Смена политических приоритетов США после 2006 года и отход от неоконсервативной парадигмы отразили более сложные процессы, происходящие в поведении Америки на мировой арене. Эти процессы, способные еще более сократить потенциал конструктивного лидерства, связаны с ответом американского государства на вызовы современной мировой экономики. Более подробно проблематика ответа суверенного государства на вопросы новейшего характера освещается в третьей части этой книги. Однако уже сейчас необходимо отметить, что, именно будучи наиболее вовлеченными в глобальные процессы, США ранее других держав испытали на себе их воздействие и принялись искать адекватные (или неадекватные) решения.
Как отмечает Джон Айкенберри:
«Падение авторитета США может быть связано с общим изменением духа американской политики, произошедшим на волне усиления национализма после завершения холодной войны».[86]
Этот национализм, ставший реакцией на ужесточение экономической конкуренции, проявляется в попытках не только создать для американского рынка особые условия защищенности, но и поддержать его при помощи специфических государственных инструментов. Ранее США могли выступать в качестве распределителя основных общественных благ – обеспечивали странам-союзникам «зонтик безопасности» и оказывали поддержку развитию их экономик.

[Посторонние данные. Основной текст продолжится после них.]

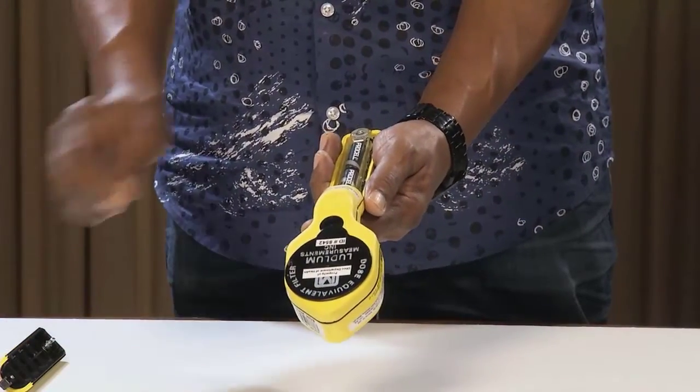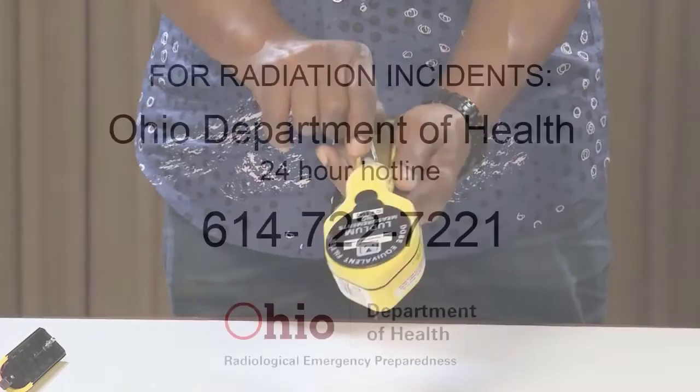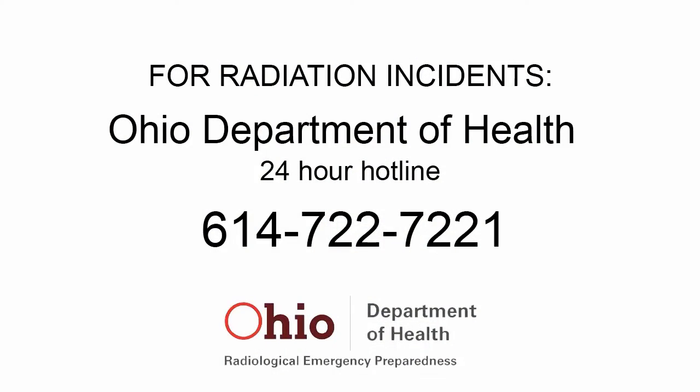After you have finished using the detector, remove the batteries to prevent corrosion of internal electronic components. For radiation incidents, notify the Ohio Department of Health 24-hour hotline at 614-722-7221.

В ответ на это другие государства должны были терпеть издержки американского присутствия и вмешательства как в моральной, так и в материальной форме. И такой размен выглядел для большинства партнеров вполне оправданным. Вооруженное вмешательство США в Индокитае воспринималось европейцами скорее как шаг, не направленный на получение конкретных материальных выгод, а основанный на необходимости противостоять советской экспансии. Отправляя сотни тысяч своих граждан умирать во вьетнамские джунгли, США вели себя несистемно для классических канонов европейской внешней политики. Да и отвечали они на совершенно несистемный вызов со стороны коммунистических идей, главным форпостом которых был Советский Союз.